Édition du 20 mai 2025

Une tribune libre pour la gauche québécoise en marche

Les sécessionnistes du « Maple MAGA » au Canada

La poussée séparatiste de droite en Alberta, alimentée par l’opportunisme politique et la puissance pétrolière, pourrait représenter un sérieux défi pour la démocratie canadienne — avec des conséquences potentiellement graves pour les travailleuses et travailleurs, l’économie, les services publics et le pays tout entier.

13 mai 2025 | tiré de Jacobin | Photo : Danielle Smith, première ministre de l’Alberta et cheffe du Parti conservateur uni (PCU), lors d’une conférence de presse à l’Assemblée législative de l’Alberta, le 6 mai 2025, à Edmonton. (Artur Widak / NurPhoto via Getty Images)
https://jacobin.com/2025/05/canada-alberta-maga-secessionists-smith

Moins de vingt-quatre heures après la victoire électorale du premier ministre libéral Mark Carney, Danielle Smith, première ministre de l’Alberta, a exprimé son mécontentement. Moins d’une semaine plus tard, elle dévoilait un plan visant à organiser un référendum sur la séparation de l’Alberta du reste du Canada.

Pour les observateurs américains, cette tournure peut sembler étrange. Après tout, la victoire de Carney a été attribuée, à juste titre, à une montée du patriotisme canadien. Les électeurs canadiens, inquiets des tarifs douaniers imposés par Donald Trump et de ses menaces de transformer le Canada en « 51ᵉ État », ont en majorité choisi Carney pour « tenir tête au tyran ».

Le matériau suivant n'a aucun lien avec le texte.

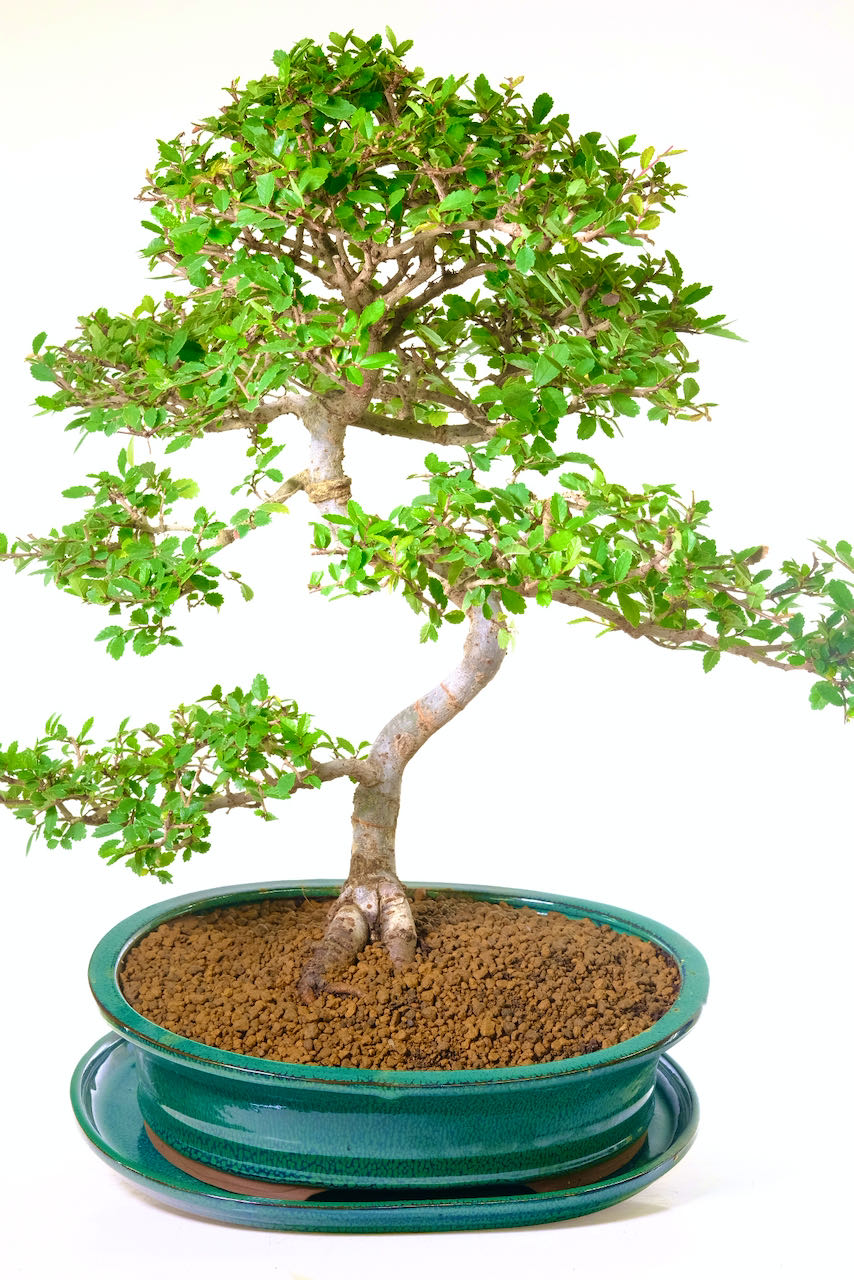 Majestic tall Chinese Elm bonsai tree with mesmerising foliage.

Mais en pleine vague pro-Canada, Danielle Smith et son gouvernement du PCU ont fait cavalier seul. Pour eux, le nouveau premier ministre et son gouvernement à Ottawa représenteraient une menace plus grande pour l’Alberta que l’administration Trump à Washington.

Le contraste est frappant : alors que la plupart des premiers ministres provinciaux appelaient à l’unité autour du drapeau canadien, Smith, elle, prenait l’avion pour Mar-a-Lago, participait à des collectes de fonds organisées par PragerU, et imitait des gouverneurs républicains américains (ses modèles déclarés : Ron DeSantis et Kristi Noem).

Ottawa, bouc émissaire

Pourquoi Smith est-elle aussi décalée par rapport aux autres Canadien·ne·s — y compris la majorité des Albertain·e·s qui s’opposent à la séparation ? La réponse courte : la direction du PCU a vendu son âme au MAGA, ou du moins à son équivalent canadien, pour accéder au pouvoir.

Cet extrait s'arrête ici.